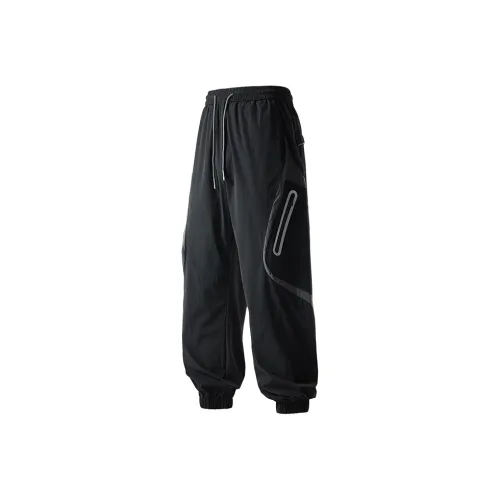 JEEP SPIRIT Мужские Карго Брюки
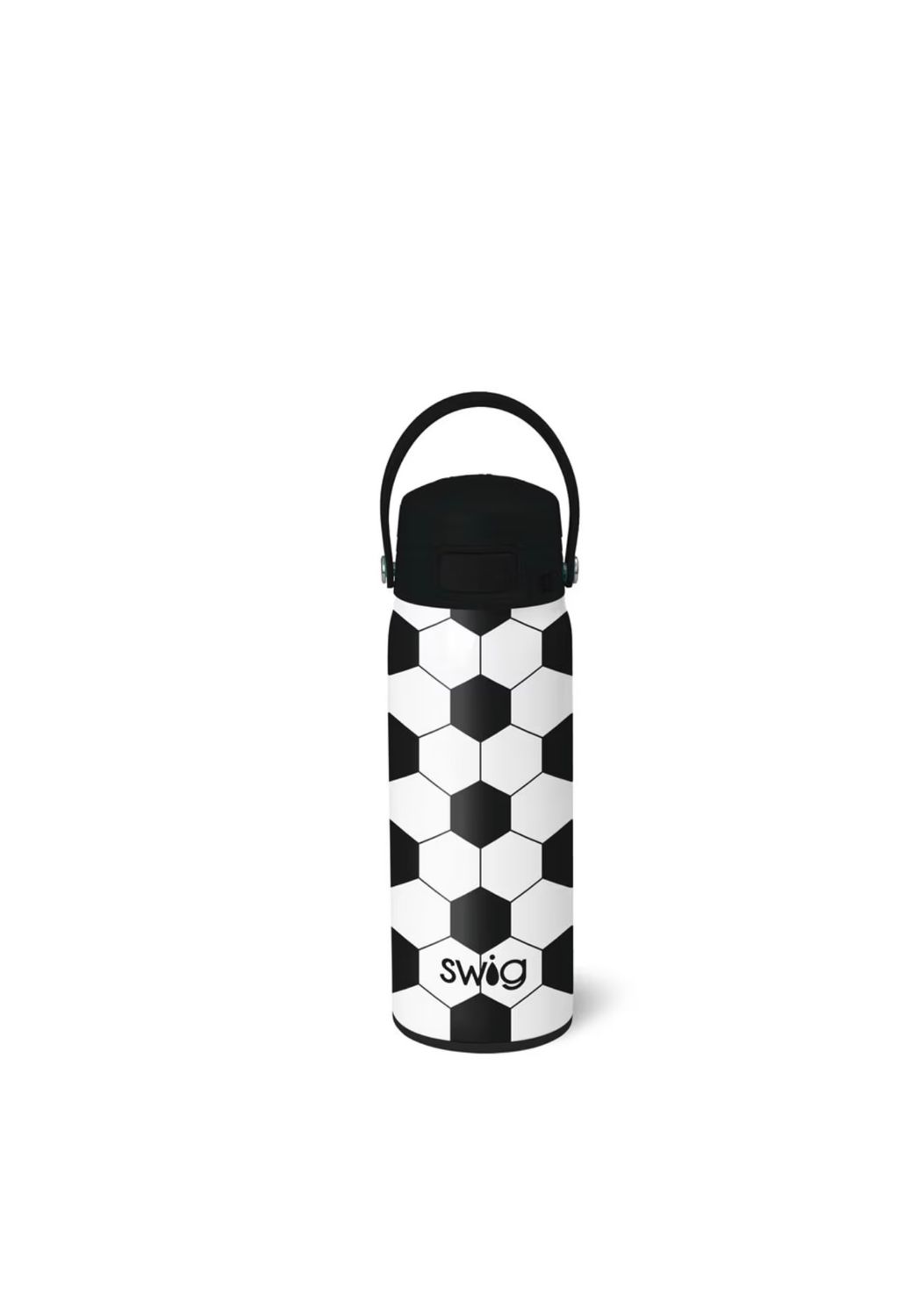 Soccer EZ Fill Bottle/18oz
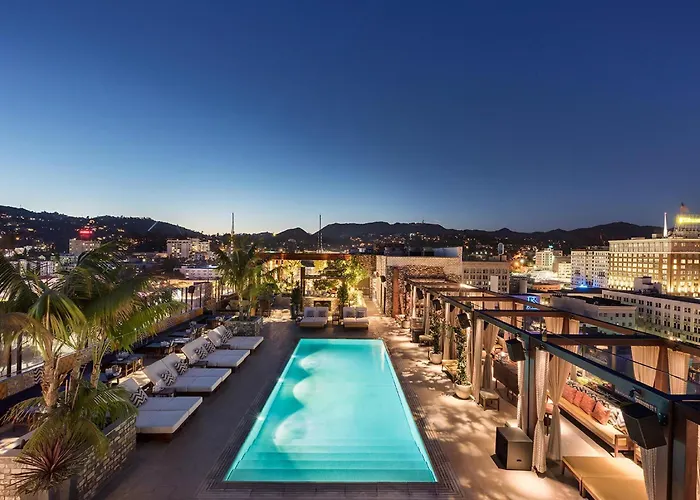 Dream Hollywood, By Hyatt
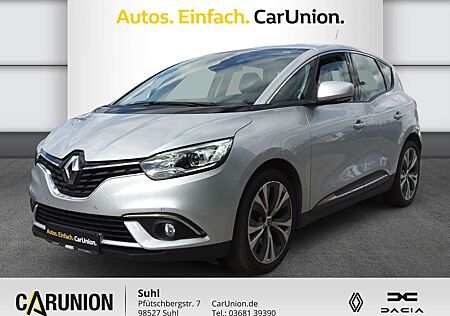 Renault Scenic Intens ENERGY TCe 130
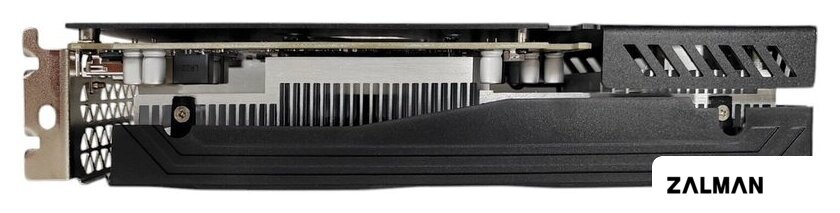 Видеокарта CBR GeForce RTX 3050 8GB GDDR6 VGA-STX3050-8G-RTL-4VO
——————————
## Action item
Copy every line above exactly, leaving no picture in the copy.

## Solution to this task
 JEEP SPIRIT Мужские Карго Брюки
 Soccer EZ Fill Bottle/18oz
 Dream Hollywood, By Hyatt
 Renault Scenic Intens ENERGY TCe 130
 Видеокарта CBR GeForce RTX 3050 8GB GDDR6 VGA-STX3050-8G-RTL-4VO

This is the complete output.